• _WHAT IS REQUIRED_:
When a line in the records contains the string "Photo", copy that line.

[TASK INPUTS Boundary: Start]

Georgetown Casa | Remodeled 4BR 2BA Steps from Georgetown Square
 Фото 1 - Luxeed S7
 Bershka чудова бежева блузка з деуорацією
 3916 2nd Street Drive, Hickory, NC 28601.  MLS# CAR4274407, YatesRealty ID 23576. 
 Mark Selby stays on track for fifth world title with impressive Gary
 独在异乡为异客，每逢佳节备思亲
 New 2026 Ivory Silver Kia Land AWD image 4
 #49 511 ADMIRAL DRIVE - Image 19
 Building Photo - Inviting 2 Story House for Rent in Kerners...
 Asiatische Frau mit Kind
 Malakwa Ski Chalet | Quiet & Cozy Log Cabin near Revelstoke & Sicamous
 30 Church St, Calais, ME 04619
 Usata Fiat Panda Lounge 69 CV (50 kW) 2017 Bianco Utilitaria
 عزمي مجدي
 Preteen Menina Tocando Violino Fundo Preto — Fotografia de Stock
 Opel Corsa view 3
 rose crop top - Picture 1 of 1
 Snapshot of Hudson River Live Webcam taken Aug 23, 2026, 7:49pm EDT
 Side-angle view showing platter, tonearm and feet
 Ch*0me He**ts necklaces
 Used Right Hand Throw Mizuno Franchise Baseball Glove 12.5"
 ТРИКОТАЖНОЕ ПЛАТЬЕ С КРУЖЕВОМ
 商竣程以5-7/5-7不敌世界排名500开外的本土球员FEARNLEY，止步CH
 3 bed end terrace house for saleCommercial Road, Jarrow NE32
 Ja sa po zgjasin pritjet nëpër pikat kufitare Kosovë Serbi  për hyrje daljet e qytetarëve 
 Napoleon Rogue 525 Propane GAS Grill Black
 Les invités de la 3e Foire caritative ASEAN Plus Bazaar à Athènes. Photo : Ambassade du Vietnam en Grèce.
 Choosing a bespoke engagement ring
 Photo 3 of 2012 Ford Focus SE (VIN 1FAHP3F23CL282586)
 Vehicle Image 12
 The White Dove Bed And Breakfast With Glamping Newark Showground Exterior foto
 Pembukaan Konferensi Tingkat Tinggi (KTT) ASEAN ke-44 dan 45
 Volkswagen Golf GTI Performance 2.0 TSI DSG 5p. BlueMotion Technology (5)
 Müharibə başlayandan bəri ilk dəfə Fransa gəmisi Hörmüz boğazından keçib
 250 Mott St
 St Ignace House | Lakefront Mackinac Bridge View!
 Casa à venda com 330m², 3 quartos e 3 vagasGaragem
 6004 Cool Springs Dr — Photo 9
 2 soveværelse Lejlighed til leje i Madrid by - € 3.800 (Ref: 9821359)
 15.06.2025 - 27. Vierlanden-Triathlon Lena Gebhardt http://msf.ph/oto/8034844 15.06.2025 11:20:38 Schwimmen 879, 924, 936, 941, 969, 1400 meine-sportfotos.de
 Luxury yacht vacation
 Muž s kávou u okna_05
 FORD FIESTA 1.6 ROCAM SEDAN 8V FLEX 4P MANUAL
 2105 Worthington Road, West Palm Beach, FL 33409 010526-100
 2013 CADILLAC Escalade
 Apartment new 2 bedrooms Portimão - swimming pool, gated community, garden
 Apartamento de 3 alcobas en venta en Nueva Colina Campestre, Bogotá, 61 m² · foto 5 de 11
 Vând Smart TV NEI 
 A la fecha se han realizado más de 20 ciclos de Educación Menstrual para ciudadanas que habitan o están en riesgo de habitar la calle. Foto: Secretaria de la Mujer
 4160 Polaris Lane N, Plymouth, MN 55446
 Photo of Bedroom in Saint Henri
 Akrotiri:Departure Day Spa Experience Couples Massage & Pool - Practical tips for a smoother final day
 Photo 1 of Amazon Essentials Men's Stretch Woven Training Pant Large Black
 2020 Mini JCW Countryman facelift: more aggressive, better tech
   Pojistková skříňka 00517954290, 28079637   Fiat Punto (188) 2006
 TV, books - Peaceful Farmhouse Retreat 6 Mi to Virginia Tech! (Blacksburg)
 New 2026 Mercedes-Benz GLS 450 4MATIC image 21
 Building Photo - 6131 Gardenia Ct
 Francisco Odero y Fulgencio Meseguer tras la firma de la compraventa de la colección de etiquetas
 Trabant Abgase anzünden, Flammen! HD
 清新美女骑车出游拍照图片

[TASK INPUTS Boundary: End]

• _SOLVED PROBLEM_:
 Building Photo - Inviting 2 Story House for Rent in Kerners...
 Les invités de la 3e Foire caritative ASEAN Plus Bazaar à Athènes. Photo : Ambassade du Vietnam en Grèce.
 Photo 3 of 2012 Ford Focus SE (VIN 1FAHP3F23CL282586)
 6004 Cool Springs Dr — Photo 9
 Photo of Bedroom in Saint Henri
 Photo 1 of Amazon Essentials Men's Stretch Woven Training Pant Large Black
 Building Photo - 6131 Gardenia Ct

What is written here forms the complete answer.